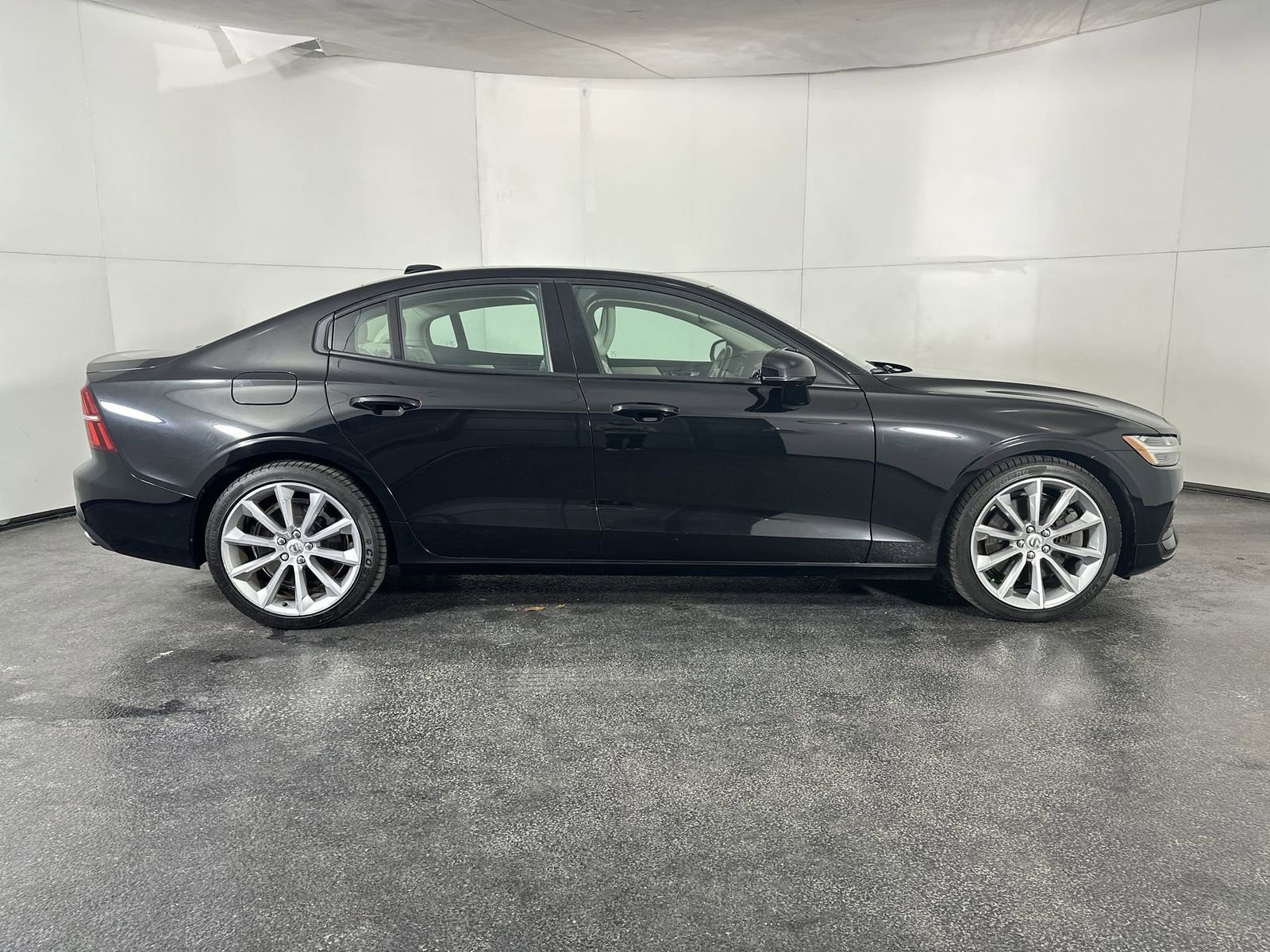 Used 2020 Volvo S60 T6 Momentum w/ Protection Package Premier image 10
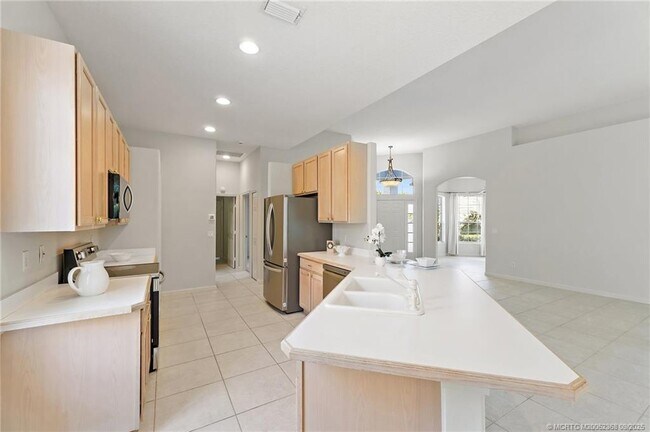 Building Photo - 1327 NW Mossy Oak Way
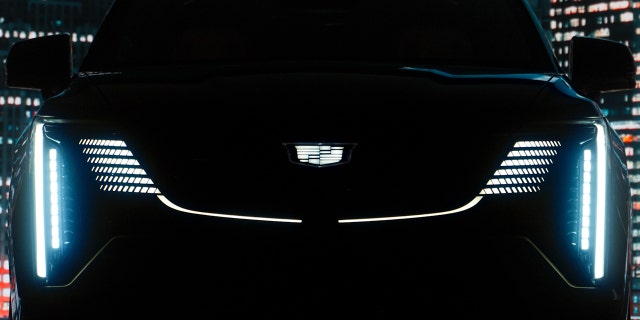 escalade iq grille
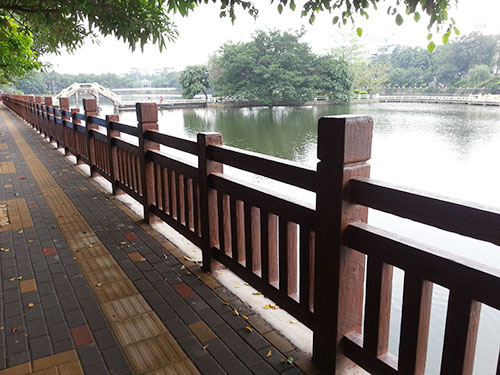 小湖仿木栏杆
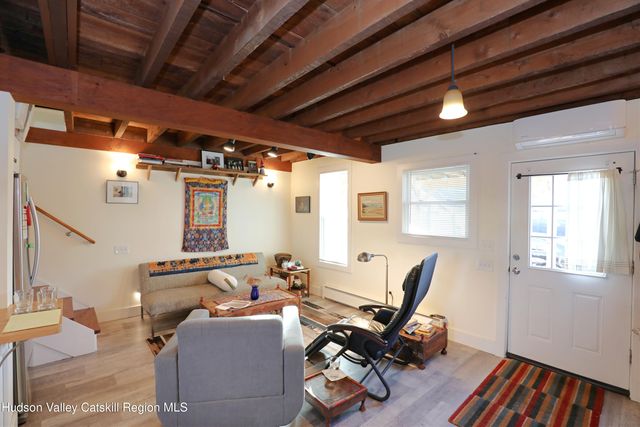 353 Washington Avenue, Kingston, NY 12401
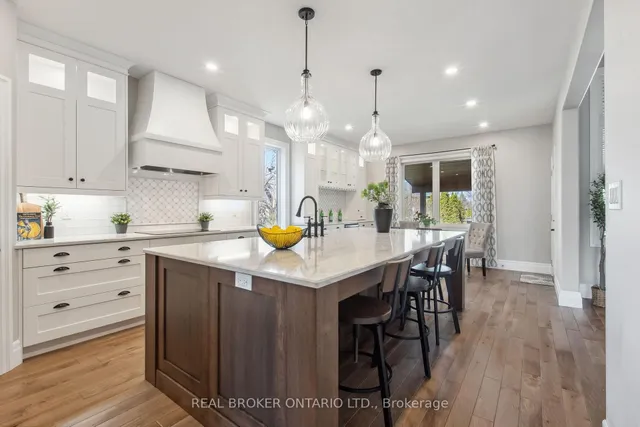 Additional image 17 of 229 Terrace Wood Cres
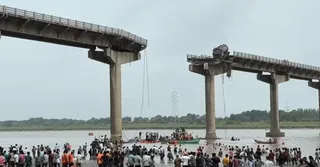 Gambhira Bridge Collapse: Death Toll At 15 After Several Vehicles Plunge Into River In Gujarat; Rescue Ops Resume On Day 2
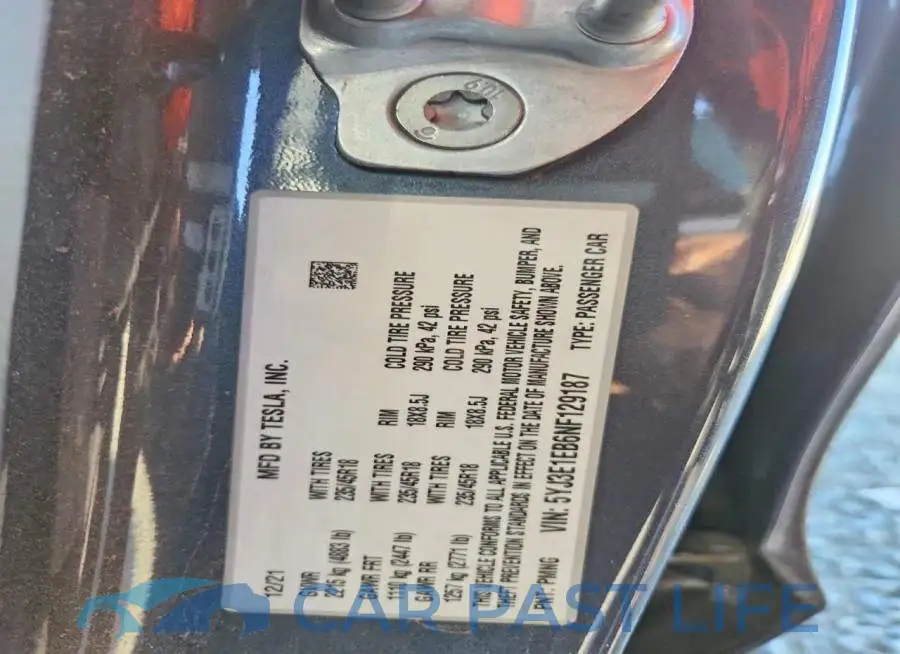 5YJ3E1EB6NF129187# 13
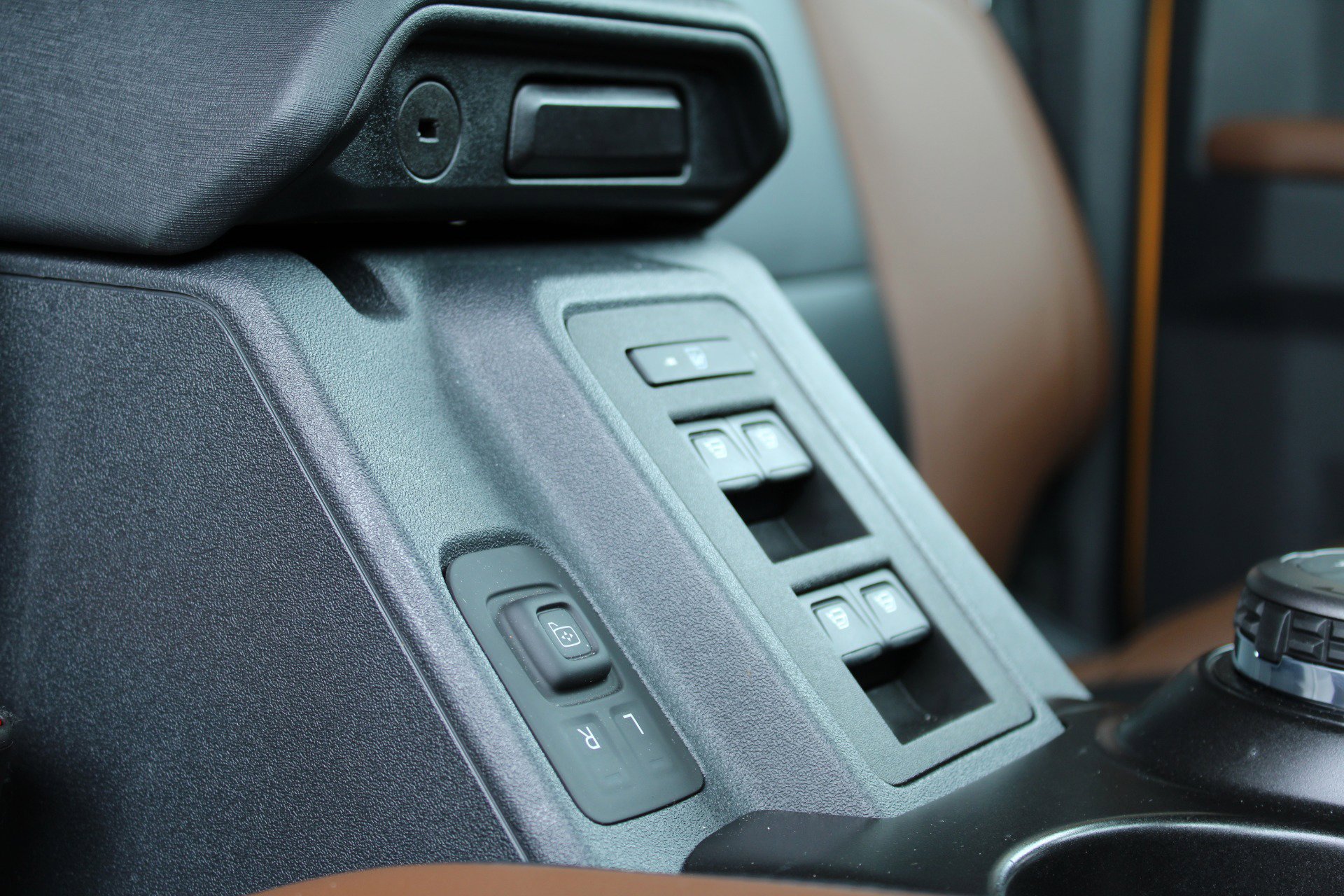 Used 2021 Ford Bronco Outer Banks image 25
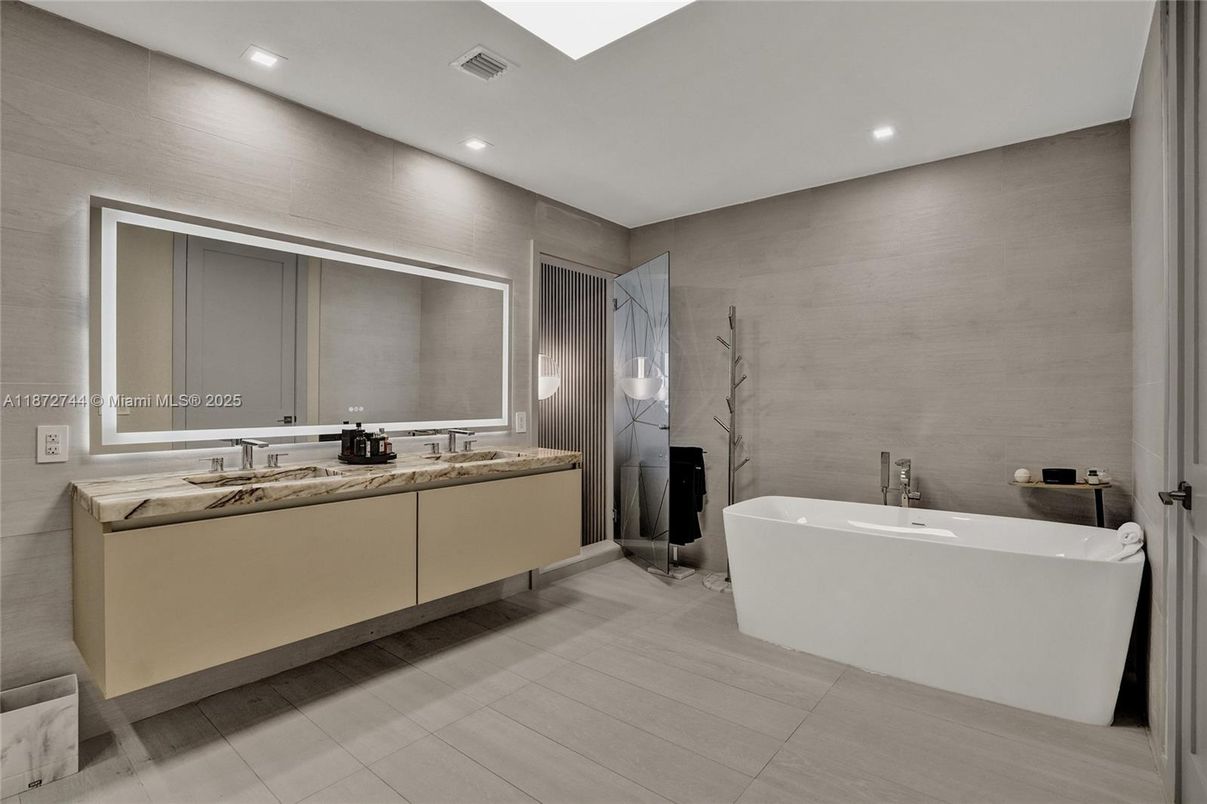 Bathroom, Dual Sink Vanities, Free Standing Baths, Interior, Recessed Lighting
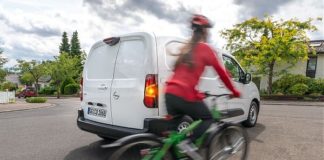 SU OPEL COMBO CARGO ADDIO ALL’ANGOLO CIECO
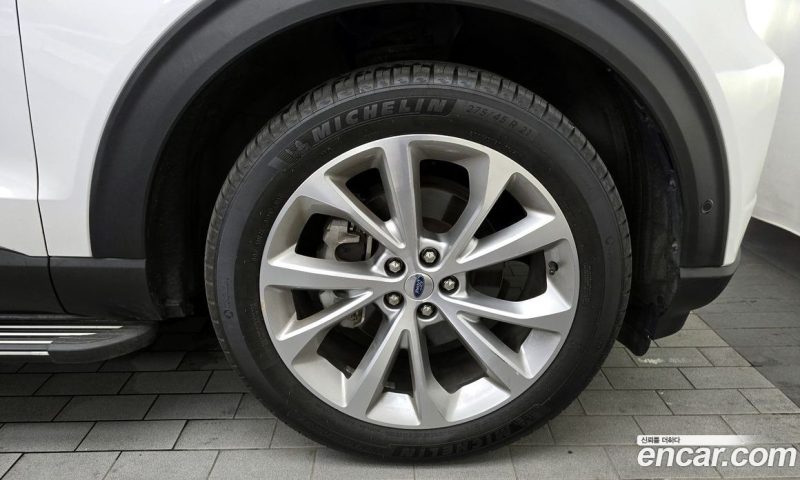 Ford Explorer 3.0 Platinum 4WD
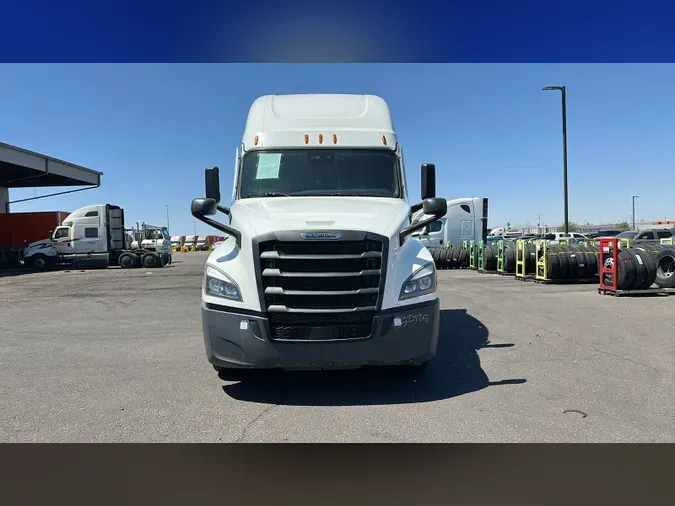 2022 Freightliner Cascadia 126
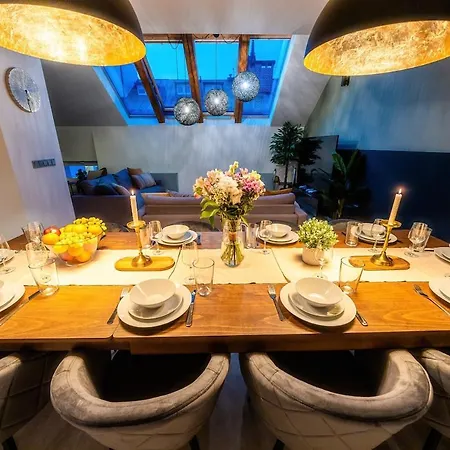 Apartament Near Duomo 4bedrooms Mediolan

Required work: Would you transcribe the lines above exactly, going from the line bearing "Building Photo - 1327 NW Mossy Oak Way" through the line bearing "Ford Explorer 3.0 Platinum 4WD", and drop the pictures from the copy?

Expected output:
 Building Photo - 1327 NW Mossy Oak Way
 escalade iq grille
 小湖仿木栏杆
 353 Washington Avenue, Kingston, NY 12401
 Additional image 17 of 229 Terrace Wood Cres
 Gambhira Bridge Collapse: Death Toll At 15 After Several Vehicles Plunge Into River In Gujarat; Rescue Ops Resume On Day 2
 5YJ3E1EB6NF129187# 13
 Used 2021 Ford Bronco Outer Banks image 25
 Bathroom, Dual Sink Vanities, Free Standing Baths, Interior, Recessed Lighting
 SU OPEL COMBO CARGO ADDIO ALL’ANGOLO CIECO
 Ford Explorer 3.0 Platinum 4WD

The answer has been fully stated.